# Router quits, always needs reset???



## garylai

New to the forum, any help is appreciated. 

I have a Netgear WGR614v6 wireless router.

There are 6 computers (notebooks) using the wireless side, and 2 desktops wired directly to the router.

Not all of the computers are on at the same time, maybe 3 at any given time.

The problem is this: For some time now the router will stop giving a connection.  This is to the wireless notebooks and the desktops wired directly.  For no aparent reason none of the computers will be able to connect.  The signal strength on the notebooks shows excellent, but no connection.  

We then have to reset the router, or power it down, and wait about 10 seconds, and then we have normal connection again.  This is a newer router...we replaced a LinkSys that we had because it was doing the same thing.  Now it seems that it isn't a problem with the router???

Any Ideas???  I can provide any more info if this isn't enough.

Thanks in advance!


----------



## phantomofrussia

i am not exactly sure but it could be that the router is not able to handle the 3 or more computers at a time. try using only two computers or just one and see if you are having any problems.


----------



## garylai

phantomofrussia said:


> i am not exactly sure but it could be that the router is not able to handle the 3 or more computers at a time. try using only two computers or just one and see if you are having any problems.



I thought that too, but it will do it with only 1 computer.  There are times when I leave the house with my computer, and no one else is home except for my wife and she will call me to tell me the connection is down again.  She will then reset the router and then her computer works like magic again.


----------



## phantomofrussia

could it be that your modem is old and needs to be replaced.


----------



## garylai

phantomofrussia said:


> could it be that your modem is old and needs to be replaced.



I don't know...it is doing the same thing that the old one did.  I am going to upgrade it with a new one, but if it does the same thing, I'll be back where I started.  

Is it possible that syncronizing different computers with the server will cause any issues???


----------



## phantomofrussia

i dont think it should. but as you can see i am guessing. hopefully somebody more knowledgable will come by and help out.


----------



## DeskAssist

garylai said:


> New to the forum, any help is appreciated.
> 
> I have a Netgear WGR614v6 wireless router.
> 
> There are 6 computers (notebooks) using the wireless side, and 2 desktops wired directly to the router.
> 
> Not all of the computers are on at the same time, maybe 3 at any given time.
> 
> The problem is this: For some time now the router will stop giving a connection.  This is to the wireless notebooks and the desktops wired directly.  For no aparent reason none of the computers will be able to connect.  The signal strength on the notebooks shows excellent, but no connection.
> 
> We then have to reset the router, or power it down, and wait about 10 seconds, and then we have normal connection again.  This is a newer router...we replaced a LinkSys that we had because it was doing the same thing.  Now it seems that it isn't a problem with the router???
> 
> Any Ideas???  I can provide any more info if this isn't enough.
> 
> Thanks in advance!



I've experienced similar problems before. The line that the router is connected to will have an ADSL filter attached? 
Is this the master socket or an extension from another line? 

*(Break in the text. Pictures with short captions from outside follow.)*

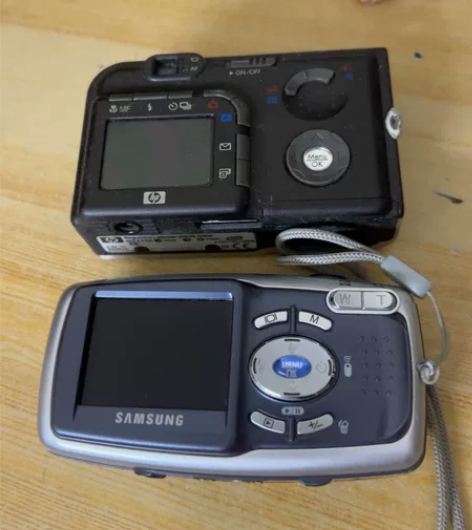 货厂里收了两个相机 一个三星一个惠普 一个...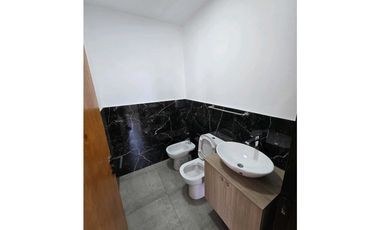 DOCTA - Espectacular Dúplex! 3 dorm, 3 baños, cochera, terraza!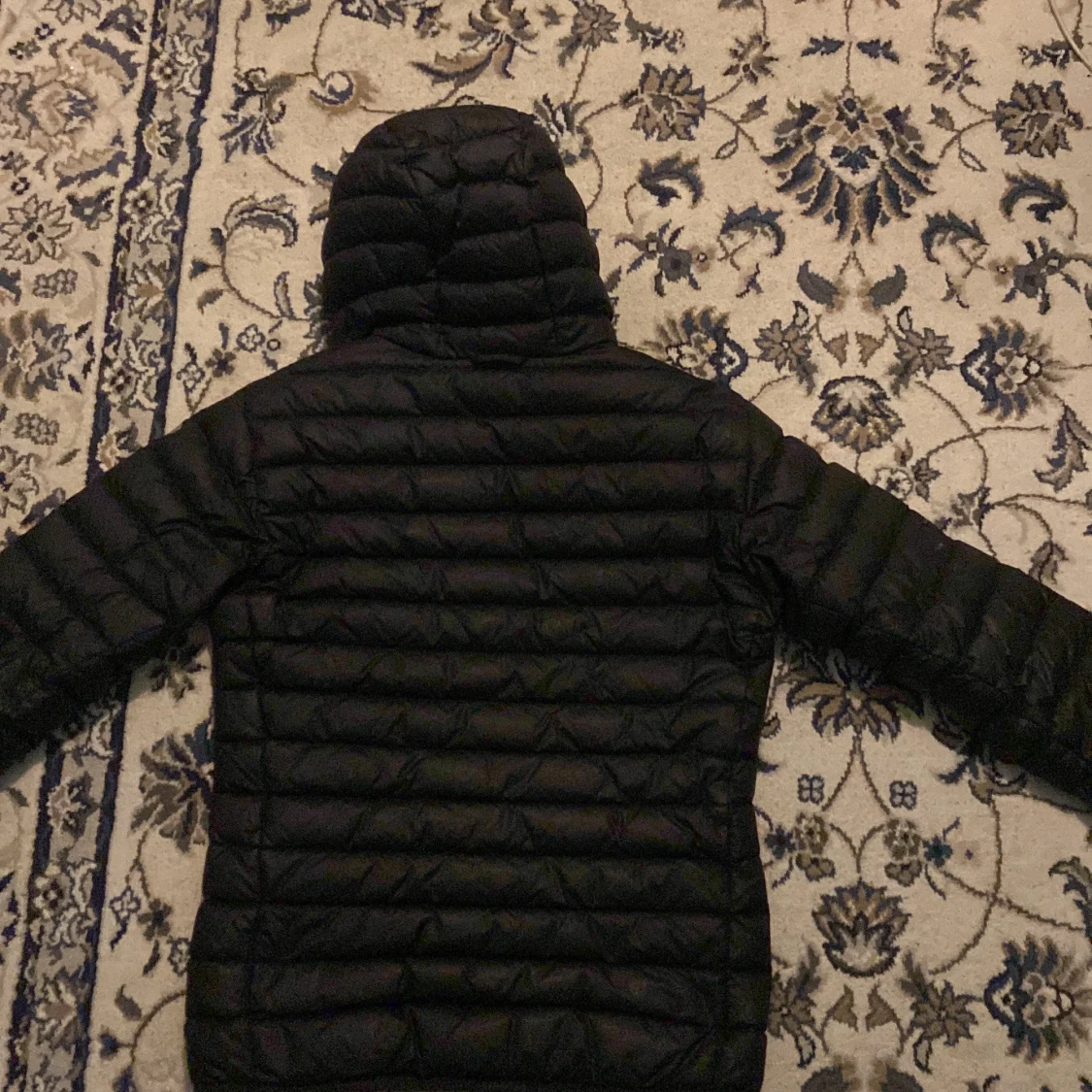 Svart dunjacka Peak Performance - 3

You may need to add another ADSL filter onto the main line if that is the case of course? 

It's strange why it would happen with two completly different routers is the line of good quality? Steve


----------



## garylai

DeskAssist said:


> I've experienced similar problems before. The line that the router is connected to will have an ADSL filter attached?
> Is this the master socket or an extension from another line?
> 
> You may need to add another ADSL filter onto the main line if that is the case of course?
> 
> It's strange why it would happen with two completly different routers is the line of good quality? Steve



ADSL....a little over my head, not sure what that is.

As for the connection; Comcast cable modem to wireless Router, Router to D-Link 8-port switch, switch to desktop.  The rest of the computers are wirelessly connected.


----------



## lawson_jl

I would say replace the router.  It's obviously what causing the issue.  My first piece of advice would be to reset the router back to factory settings if you haven't already.


----------